7 Section 7. Hierarchical models and exchangeability
::opts_chunk$set(echo = TRUE, dpi = 300, comment = "#>")
options(mc.cores = 2)
rstan_options(auto_write = TRUE)
7.1 Resources
- BDA3 chapter 5 and reading instructions
- lectures:
- slides
- Assignment 7
7.2 Notes
7.2.1 Reading instructions
- “The hierarchical models in the chapter are simple to keep computation simple. More advanced computational tools are presented in Chapters 10-12 (part of the course) and 13 (not part of the course).”
Exchangeability vs. independence
- exchangeability and independence are two separate concepts; neither necessarily implies the other
- independent identically distributed variables/parameters are exchangeable
- exchangeability is less strict condition than independence
Weakly informative priors for hierarchical variance parameters
- suggestions have changed since writing section 5.7
- section 5.7 recommends use of half-Cauchy as weakly informative prior for hierarchical variance parameters
- now recommend a “half-normal if you have substantial information on the high end values, or or half-\(t_4\) if you there might be possibility of surprise”
- “half-normal produces usually more sensible prior predictive distributions and is thus better justified”
- “half-normal leads also usually to easier inference”

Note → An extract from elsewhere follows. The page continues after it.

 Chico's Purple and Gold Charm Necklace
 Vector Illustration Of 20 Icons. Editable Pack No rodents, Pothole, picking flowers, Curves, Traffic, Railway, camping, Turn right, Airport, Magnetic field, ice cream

7.2.2 Chapter 5. Hierarchical models
- individual parameters for groups can be modeled as coming from a population distribution
- model these relationships hierarchically
- hierarchical models can often have more parameters than data but avoid overfitting of traditional linear models
- sections
- 5.2: how to construct a hierarchical prior distribution in the context of a fully Bayesian analysis
- 5.7: weakly informative priors
1. Constructing a parameterized prior distribution
- have historical data to inform our model
- can use it to construct a prior for our new data or use it as data to inform the posterior
- probably should not use it for both though, thus favor using it directly in the model alongside our new data
- for each experiment \(j\), with data \(y_j\), estimate the parameter \(\theta_j\)
- the parameters \(\theta_j\) can come from a population distribution parameterized by \(\text{Beta}(\alpha, \beta)\)
5.2 Exchangeability and hierarchical models
- if no information (other than \(y\)) is available to distinguish any of the \(\theta_j\)’s, and no ordering (time) or grouping can be made, then we must assume symmetry among the parameters in the prior distribution
- this symmetry is represented probabilistically by exchangeability: the parameters \((\theta_1, \dots, \theta_J)\) are exchangeable in the join distribution if \(p(\theta_1, \dots, \theta_J)\) is invariant to permutations of the indices \((1, \dots, J)\)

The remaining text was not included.